Because we concluded the disputed provision of Section 17 is clear on its face, we need not consider the secondary materials or policy arguments relied upon by the Controller to support his differing interpretation. We nonetheless address them briefly.
The Controller argues Section 17 prevents even former judges from accepting other public employment because the provision is intended, at least in part, to operate as a bulwark against a judge being tempted into trading a favorable judicial decision for the opportunity to advance into some other, more enticing public office. By preventing judges from commencing any such office until the expiration of their full judicial terms, Section 17 would reduce the opportunity for judicial corruption. In support of that argument, the Controller cites legislative staff notes which accompanied proposed drafts of the 1965 revision of Section 17. The staff notes highlighted by the Controller suggest that, allowing judges to be eligible for appointment or election to other office, is “detrimental to the administration of justice,” and removing that option eliminates “the possibility of an appointment in return for a decision.” But, of course, that concern would apply only to sitting judges, not to judges who have already resigned or retired from office
Moreover, as Gilbert points out, there is no indication those staff notes were ever shared with the voters, and thus no basis to infer the concerns expressed could have played any part in determining what the voters intended this revised version of Section 17 to accomplish. (Legislature v. Deukmejian, supra, 34 Cal.3d at p. 673, fn. 14 [noting that materials placed before the voters may be considered in ascertaining voter intent].)

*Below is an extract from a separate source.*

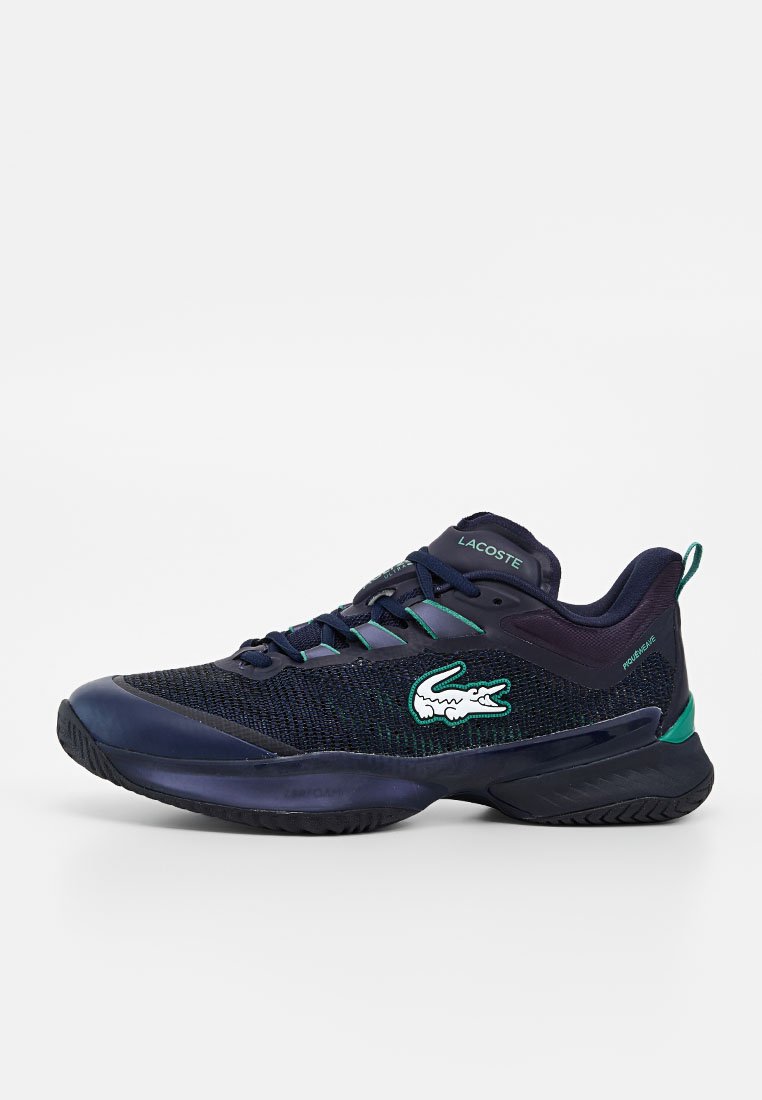 Zapatillas de tenis para moqueta sintética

As to the broader public policy argument, we agree with Gilbert's assertion the Controller's interpretation of Section 17 is, at best, an uneasy fit for this anti-corruption policy the Controller argues it is designed to advance. If Section 17 were intended to thwart potential judicial corruption –specifically, the opportunity for a judge to trade a favorable decision for a promised public appointment – it would leave us all wondering why there is comparatively little concern the same judge might also be tempted by a similar offer from a member of the private sector. The obvious implication would seem to be that, while members of the private sector are generally assumed to operate with integrity, our judiciary needs special protection from the tempting imprecations of those other, corrupt, branches of government. We do not adopt that implication.

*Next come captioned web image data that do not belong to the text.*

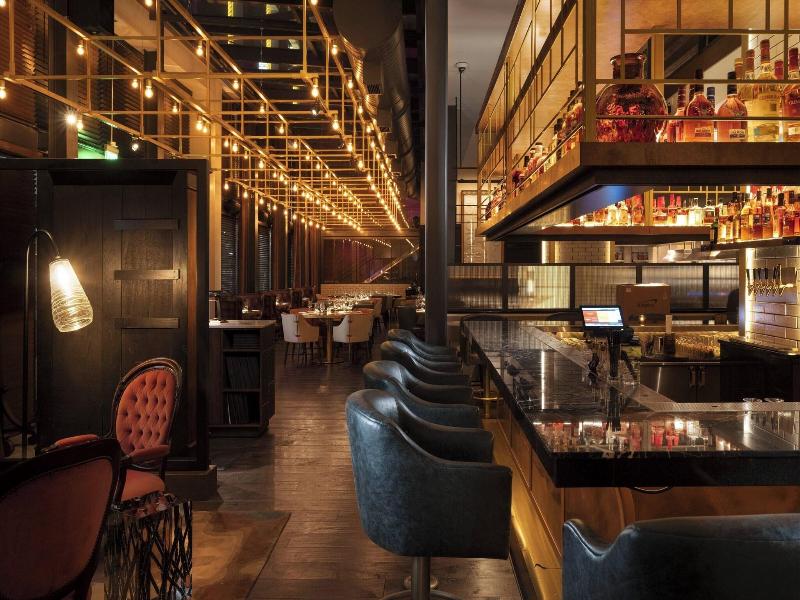 Hotel Distil, Autograph Collection image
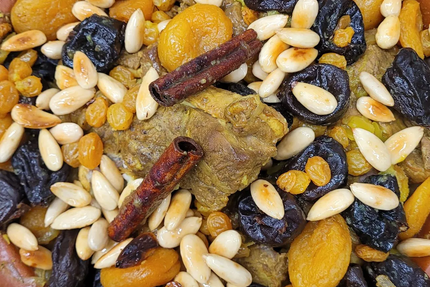 Les Délices Berbères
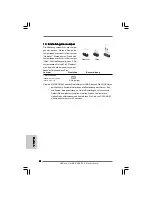 Preview for 32 page of ASROCK G41MH/USB3 R2.0 Quick Installation Manual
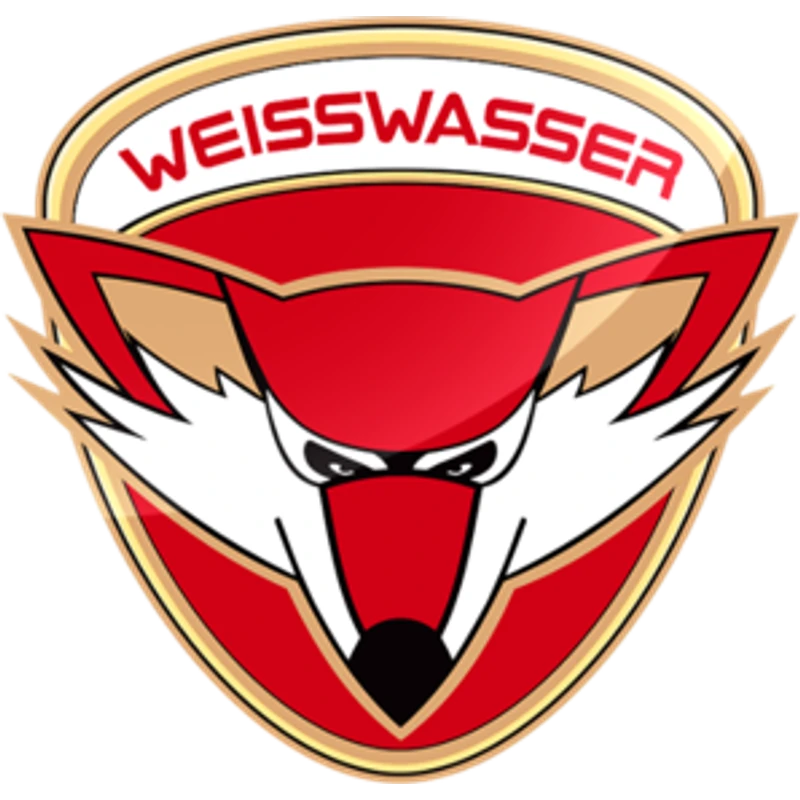 Lausitzer Füchse Logo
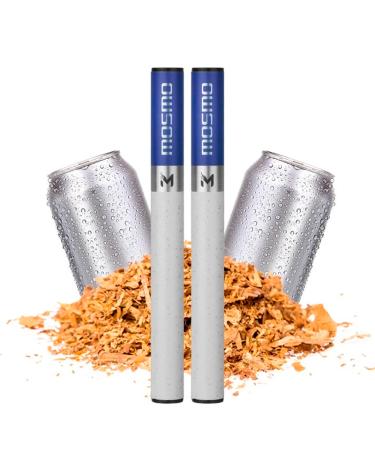 Puff Stick Tobacco Monster 20mg ( 2 uds ) - Mosmo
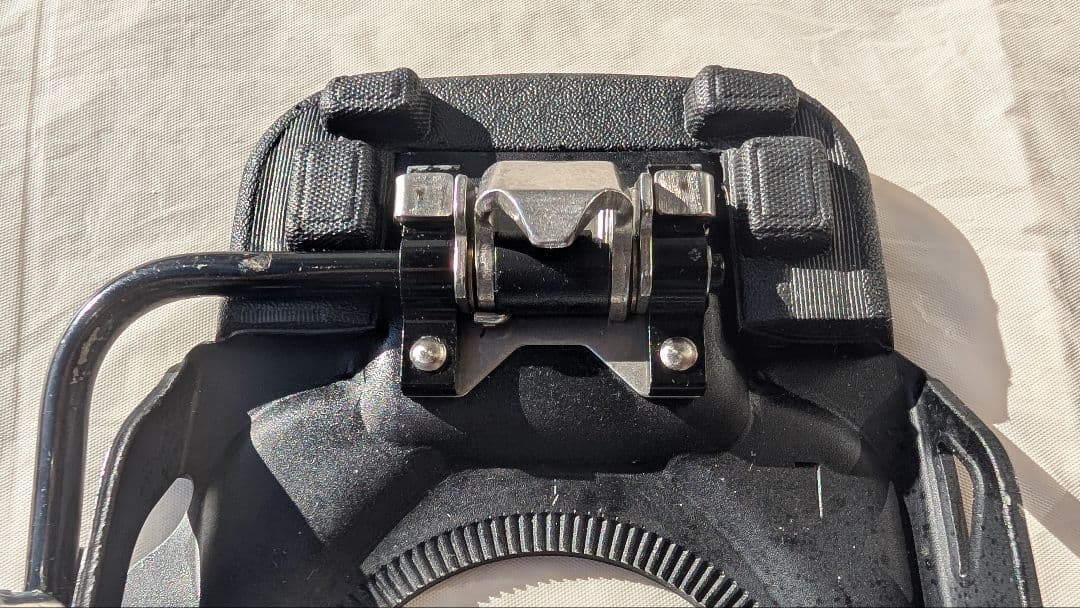 【希少セット】K2 ARROW × KWICKER ステップイン 24.5cm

Moreover, as Gilbert suggests, if the goal of Section 17 were to shield the judiciary from what would otherwise be a significant temptation to trade judicial decisions for the promise of other public employment, it addresses that concern in a distressingly uneven and at times wholly ineffective way. Under the Controller's interpretation, some judges, if they resigned or retired today, might be precluded from commencing other public office or public employment for perhaps a decade or more. A decade-long exclusion from other public service, following an appellate justice's resignation or retirement from office, would be excessive if the goal were merely to prohibit that judge from jumping directly into another public sector job as a payoff for a favorable decision.

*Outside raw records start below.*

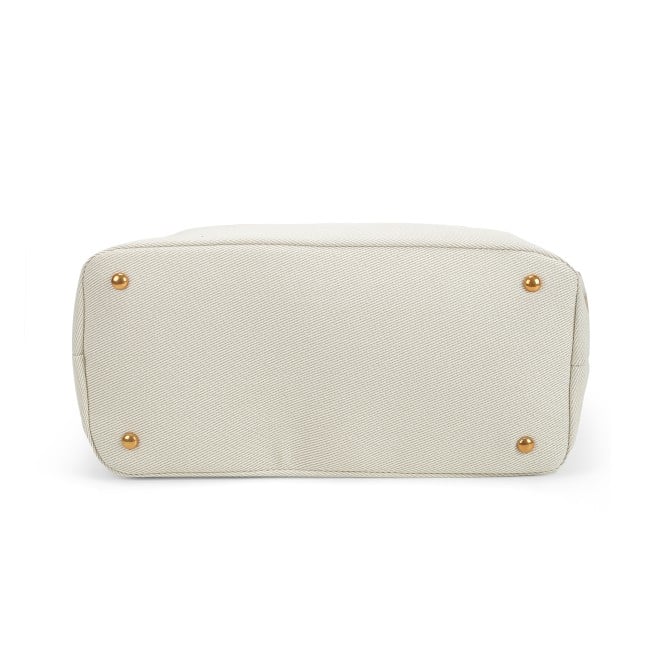 Mochi Women Beige Hand Bags Satchel Bags (SKU: 66-597-20-10)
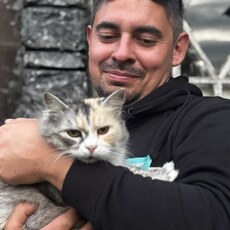 Фотография мужчины Артур, 34 года из г. Орша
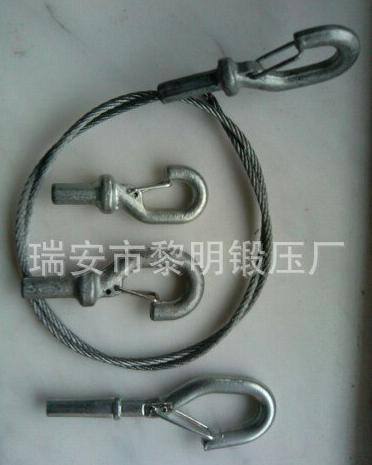 供應掛鉤、彈簧鉤各種鉤子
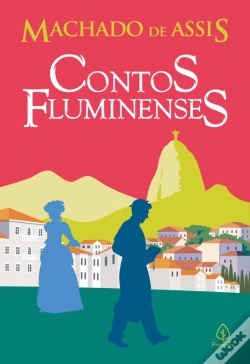 Capa do artigo Contos Fluminenses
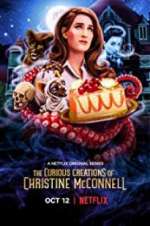 Watch The Curious Creations of Christine McConnell Zmovies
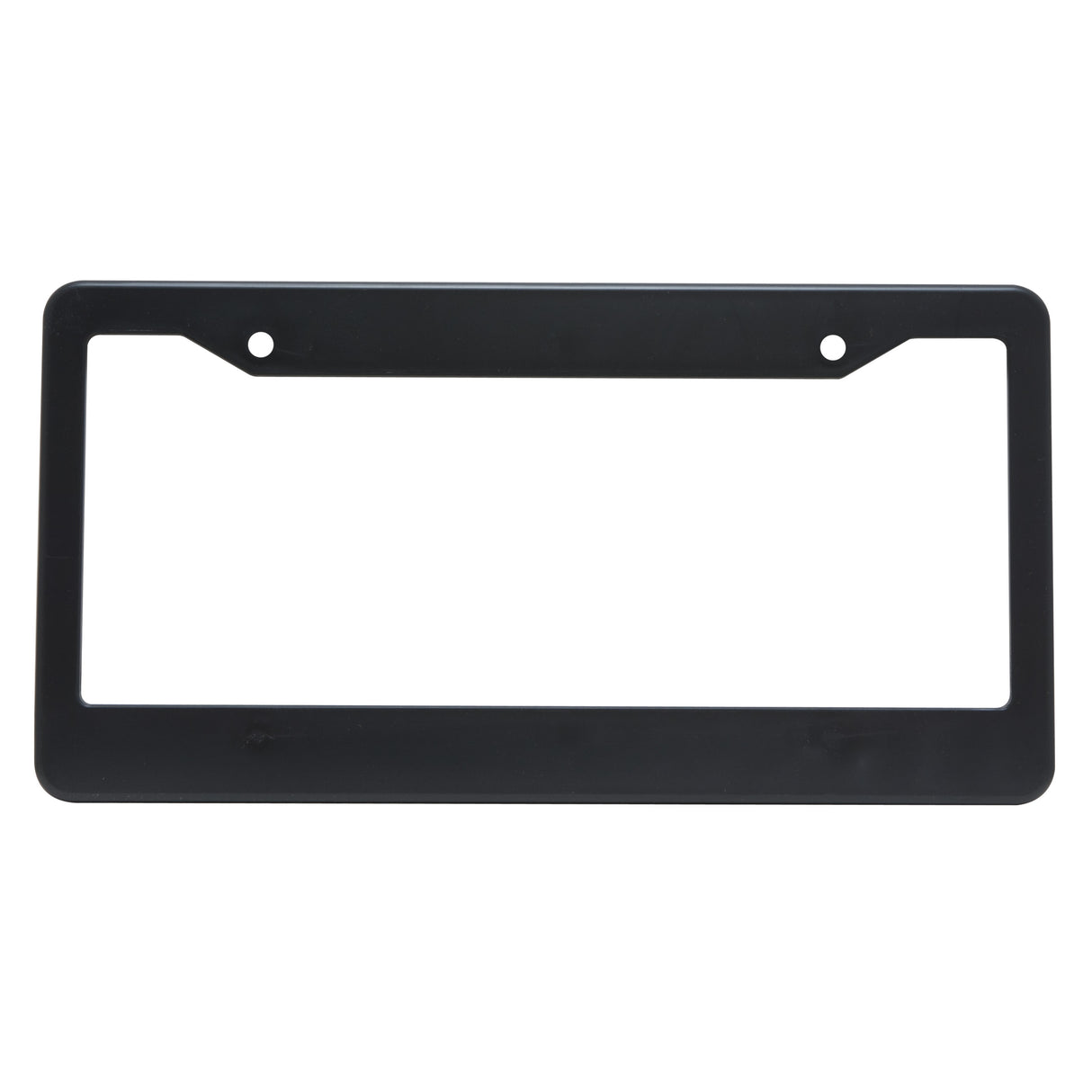 License Plate Frame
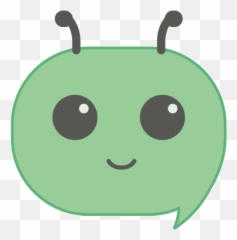 Chaterpilar Feelings Moods And Deep Conversations - Happy Emoji,Judging Emoticon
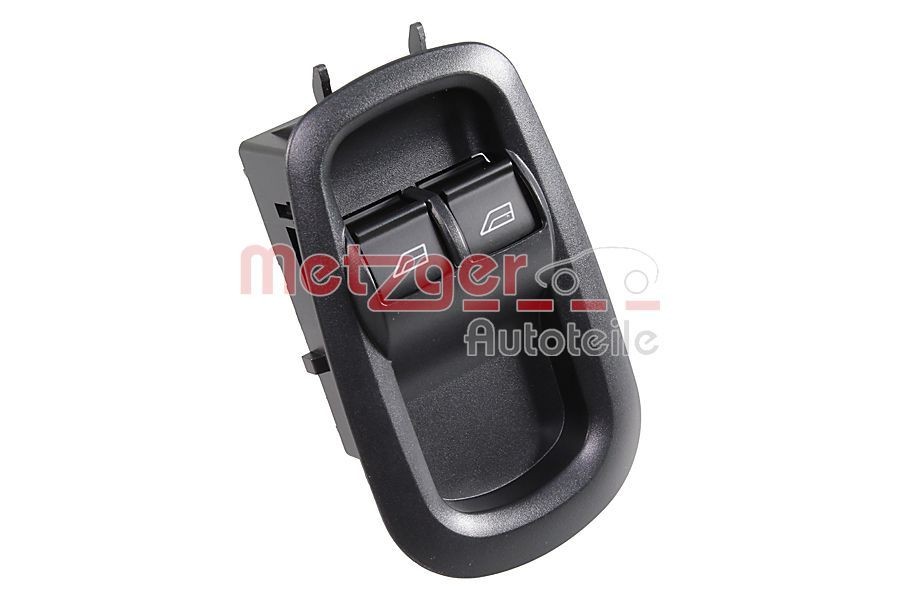 METZGER Window switch Article number: 0916929 cheaply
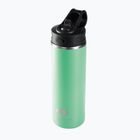 Termosz GSI Outdoors Microlite 710 Straw Top 710 ml jade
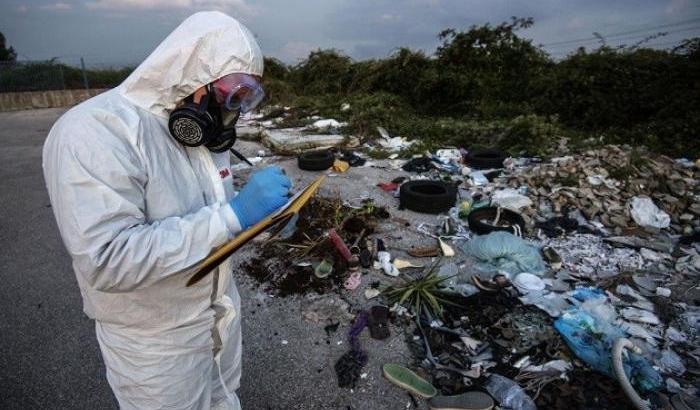 Il rapporto Onu: "Nel 2020 la temperatura globale +1,2 gradi sopra i livelli preindustriali"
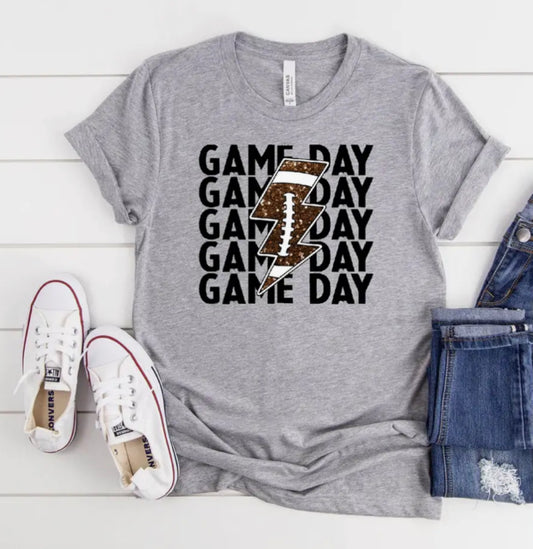 Game Day/Football Bolt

On the other hand, that same interpretation would also allow other judges, who happen to be nearing the ends of their terms, to do exactly that. Those judges could leave the judiciary and immediately commence other public employment. It would be as though our Constitution provided that, while judges should be shielded from potentially corrupting public sector employment offers for long stretches of time, they are free to consider such offers during a brief window of time at the end of every six-year term (in the case of trial court judges) or every 12–year term (in the case of appellate justices.) Such an interpretation is senseless.
Instead, as Gilbert notes, if the goal is to prevent judges from trading a judicial decision for a government position, that goal would be best served by simply prohibiting all sitting judges from accepting public office or public employment for a specified time period after they have left the judiciary –without regard to whether they have left in the middle or at the end of their designated term. We agree.
Finally, the Controller's attempt to portray Section 17 as an effort to address this one very limited scenario in which judicial corruption might occur is undermined by the comprehensive statutory and regulatory scheme which encompasses this issue. The canons of judicial ethics establishes detailed standards governing judicial ethics across all scenarios, while the Code of Civil Procedure provides mechanisms for disqualifying any judge with a conflict of interest – whether public or private – from presiding over a case. (See Code Civ. Pro., § 170, et seq.) Moreover, our Constitution establishes the Commission on Judicial Performance, which has jurisdiction to discipline judges in the event they engage in ethical misconduct of any kind. (Cal. Const., art. VI §§ 8, 18.) And perhaps most significant, Penal Code sections 93 and 94 make it a crime for a judge to receive or agree to receive a bribe from anyone – public or private – in exchange for a vote, opinion or decision upon any matter, or to ask for or receive any unauthorized gratuity for doing an official act. Thus, any judge who accepted a new position offered in exchange for a favorable decision would be criminally culpable for that misconduct even after leaving office, without regard to whether the new job was in the public or the private sector or whether any time remained in the judicial term for which that judge had been selected. In light of this otherwise comprehensive approach to establishing and enforcing standards of judicial ethics, it seems unlikely that Section 17 was intended to also address that same issue – especially in such a limited way.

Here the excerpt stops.